What this task involves:
Below are entries with pictures in them. Output exactly the lines starting at the line with "Build Realistic Dinosaur" and ending at the line with "High Waisted Pleated Trousers", both included, but not the pictures.

[Saved entries]
# # # # # # #
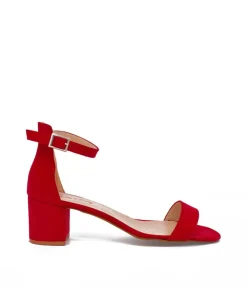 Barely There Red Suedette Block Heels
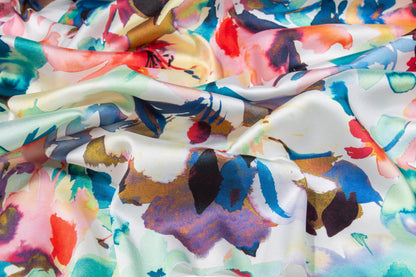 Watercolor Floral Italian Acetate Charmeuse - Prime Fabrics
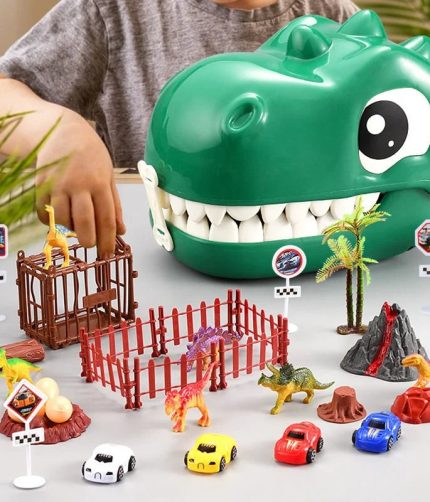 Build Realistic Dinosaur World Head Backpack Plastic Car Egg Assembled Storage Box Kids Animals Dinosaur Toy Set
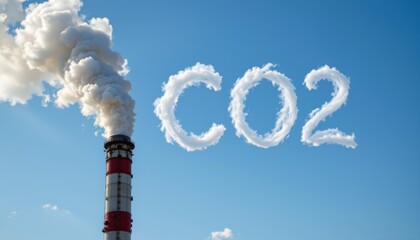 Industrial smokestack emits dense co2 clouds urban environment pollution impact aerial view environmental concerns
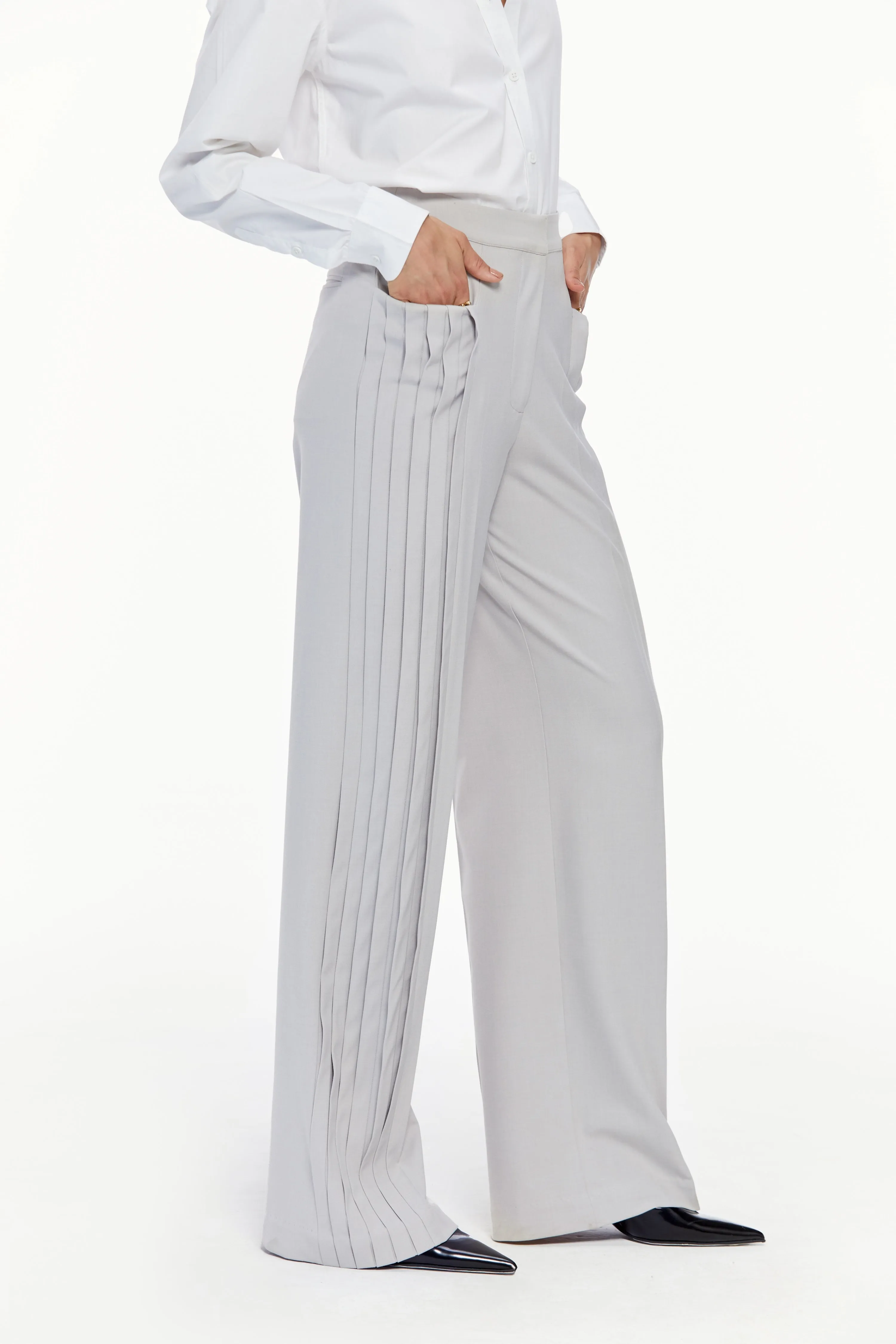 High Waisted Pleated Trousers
# # # # # # #
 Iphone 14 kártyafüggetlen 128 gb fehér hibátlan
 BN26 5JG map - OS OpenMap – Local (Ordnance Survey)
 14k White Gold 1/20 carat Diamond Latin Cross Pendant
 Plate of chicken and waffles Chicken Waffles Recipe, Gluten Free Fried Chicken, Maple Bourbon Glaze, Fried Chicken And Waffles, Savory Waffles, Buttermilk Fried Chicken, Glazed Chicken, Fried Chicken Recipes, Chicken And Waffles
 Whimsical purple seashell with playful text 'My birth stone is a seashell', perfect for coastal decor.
# # # # # # #
Exercise output:
 Build Realistic Dinosaur World Head Backpack Plastic Car Egg Assembled Storage Box Kids Animals Dinosaur Toy Set
 Industrial smokestack emits dense co2 clouds urban environment pollution impact aerial view environmental concerns
 High Waisted Pleated Trousers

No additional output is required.